For harvester it could also be:
filebeat.prospectors:
- input_type: log
harvester:
tail_files: false
close:
renamed: false
removed: false
eof: false
older: 1h
backoff:
duration: 1s
max: 10s
factor: 2
@brandonmensing I left out the _on_ par in the config options as it felt to me more natural as it is the closing for example happens after it was renamed, not during the rename. Happy to discuss further.
I left out close_timeout above, but I think timeout is definitively less abstract then ttl. I'm curious if there is perhaps even something more descriptive like close_after or other alternatives?
I just realised, the above config examples have a mistake inside. The state clean variables are part of each prospector, as each prospector can have different values. I changed it above.

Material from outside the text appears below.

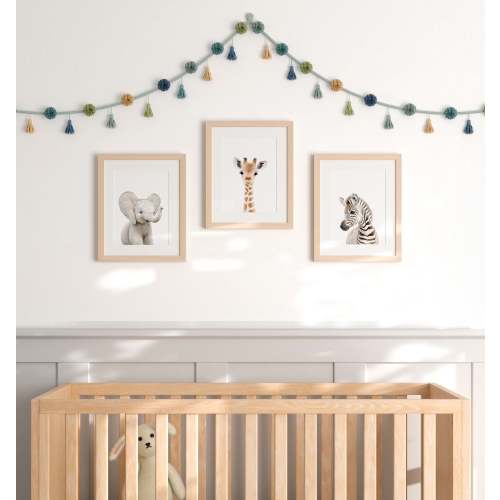 Framed Baby Safari Animals Set of 3 Nursery Art - 12x16 frame - with mat · Natural - Safari Animals Theme Prints for Baby Room – The Crown Prints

@brandonmensing I was wondering if people understand state better then registry? See example above.
One more: More accurate for close_older would probably be close_inactive ?
As a note: The general discussion came up to change prospectors to inputs and harvester to reader.
Quick summary of the conversations yesterday:
Close configurations:
close_renamed: false
close_removed: false
close_eof: false
close_idle: 1h
close_timeout: 0
Close_older will be renamed to close_idle as it describes better that it does not depend on a file mode time but an idle harvester.
clean_idle:
clean_removed
Same argument for clean_idle as for close_idle.
Instead of nesting the variable options under state and harvester, we will use comments the visualised the nesting. This reduces the length of the variable names, not additional identation and keeps a new name "harvester" out of the config file.
max_bytes and buffer_size were also discussed as these could be improved, but can be done at a later stage. Cleaning up spooler would be nice, but not critical.
Closing as all changes were implemented. Small follow up changes are tracked in https://github.com/elastic/beats/issues/2012
I would like to have a word about the change of the terminology "prospectors" and "harvesters" to "inputs" and "readers".
It's been some time I'm under the impression there exists a general trend in software that strives to impoverish what vocabulary lusers are exposed to the most "Simple English" possible.
Perhaps it comes from the scientist quest to find perfectly abstract entities, the deepest, most atomic, purest ones, the most irreducible concepts, that would have no meaning left if you tried to narrow-down their meaning just a lil' bit.
But that doesn't justify to stick to a terminology that stay far, far away and disconnected from any real thing that exists in the physical world, even when it's obvious that an analogy is used and there's no confusion possible with that of the real world.
Also, who believe "the people-as-a-whole" are asking for dumbing-down ?
The words "prospectors" and "harvesters" seemed to me to be perfectly describing, in an imaginative way, the role of each actor in the system, and as a nonnative English speaker, I don't mind having to fetch a word definition if needed -- it takes 10 seconds from within a web browser.
Moreover, reducing the overall vocabulary in use in a system has a nasty side effect in the long term: you end up with a lot of confusion around every word because they've become ambiguous, and nobody can guess what it's about without a lot of context. Here, the word "input" is the most problematic; it has a lousy definition and could very well mean to me "one particular file", and it does not convey to me any activity about discovering any new data: input is passive thing. The word "reader" is okayish albeit generic and blunt compared to harverster.
-- I have a mouse on my desktop, and I have a mouse in the attic.